Amidst the natural insufficiencies and errors of Descartes' account of the modes in which the universe may be supposed to have been evolved, the idea of that evolution itself as a methodical progression development from the operation of vast mechanical, chemical, and other laws, in virtue of which the heavens and the earth naturally assumed their present form, is a conception the probability of which modern science is confirming; nor must the merit of entertaining it be grudgingly denied to Descartes, scanty and jejune as is the apparatus of causes by which he accounts for the all but infinite effects. It is an idea, however, which he timidly disclaims as the true theory of the subject; and affirms that he only thinks every thing might have been produced in such a course of development. We shall nevertheless concede him the honour he is anxious to divest himself of; for it is pretty certain that he is here merely fencing. His dread of the odium and persecution attendant upon alleged heterodoxy is constantly impelling him to say that he reasons ex hypothesi, when we can yet see that he believes the hypothesis to be fact. However, his words are, 'I do not wish it to be inferred from my reasonings, that the world has been created in the mode I have explained; for it is much more probable that God made it from the beginning such as it was to be.'

So confident is the tone in which Descartes speaks of his à priori system, of the possible construction of a universe on his principles; so firm is his tread over what he deems a 'pavement of adamant,' that we can hardly divest ourselves of the belief that he would have been willing to stand a test to which few even of the most sanguine of the children of philosophy would venture to submit. We have sometimes thought that if the Supreme were pleased to delegate for awhile his omnipotence to some archangel, instructed to furnish the human fabricators of his universe with the elements of their hypotheses (atoms and forces and combinations of these according to their own definition), on condition of their attempting to realise their conceptions,-most of them would, at last, shrink from the proffer, lest the ignominy of utter failure should awaken shouts of laughter at the short-sightedness of their paper theories. We almost think that Descartes would boldly persevere, and still affirm, as he has done, that though he did not assert that the universe was really constructed in his way (but probably in 'methods much more perfect'), yet that on his plan a very decent universe might be constructed notwithstanding; and it would probably require a few gyrations in one of his own 'vortices' thoroughly to undeceive him.

The presumption of this truly vast and profound intellect, its total misestimate of the exigencies of the great problems with which it had to deal, as tested by the comparative triviality of all the accumulations of science since his time, towards a complete solution of those problems, ought to be profoundly instructive; it proclaims the unsearchable wisdom of God,' and teaches us that modesty and humility are the chiefest ornaments of man.

D'Alembert has admirably urged every thing that can be said in palliation of the extravagances of Descartes' physics.
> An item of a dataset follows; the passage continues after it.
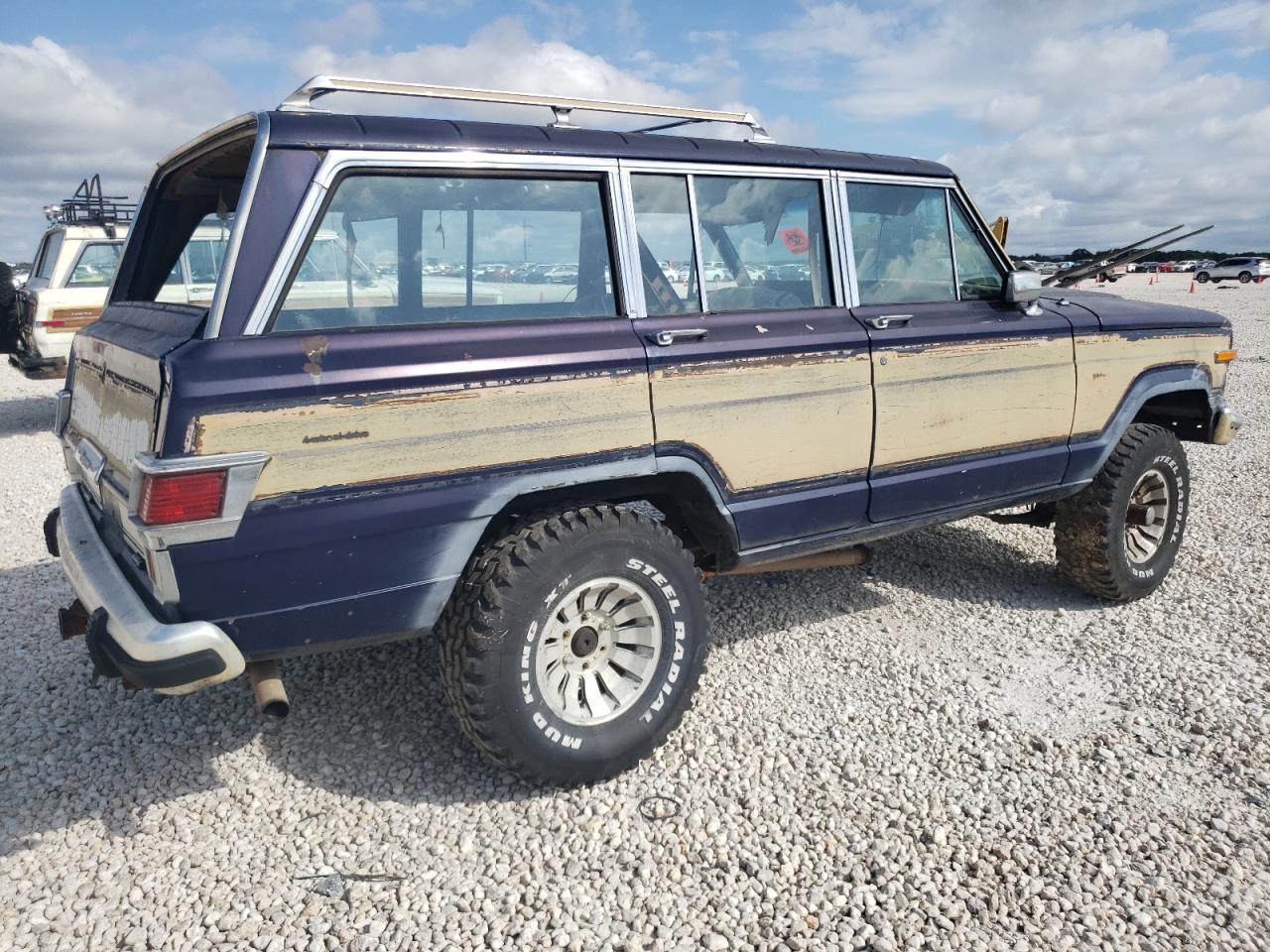 1983 Jeep WAGONEER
Still, after all allowance for the age in which he wrote, we can hardly excuse the perfect gratuitousness of his hypotheses, and still less the confidence and presumption with which he trusted to them, after Bacon had traced those immortal lines, -Modulos vero ineptos mundorum, et tanquam simiolas, quas in philosophiis phantasiæ hominum extruxerunt, omnino dissipandas edicimus. Sciant itaque homines quantum intersit, inter humanæ mentis idola et divinæ mentis ideas.' Leibnitz, contrasting the professed deductive rigour and concatenated force of Descartes' reasonings (his principles once admitted), with the perfect gratuitousness of the pure assumptions interpolated at various points in the chain, remarks, 'Methodi ejus tantum propositum amo; nam quum in rem præsentem ventum est, ab illâ severitate prorsus remisit, et ad hypotheses quasdam miras ex abrupto delapsus est.' Of the facility with which Descartes can intrude an arbitrary ex tempore assumption, one of the most amusing examples is given in his explanation of the reasons of our seeing only one side of the moon. (Principia, pars III. art. 152.)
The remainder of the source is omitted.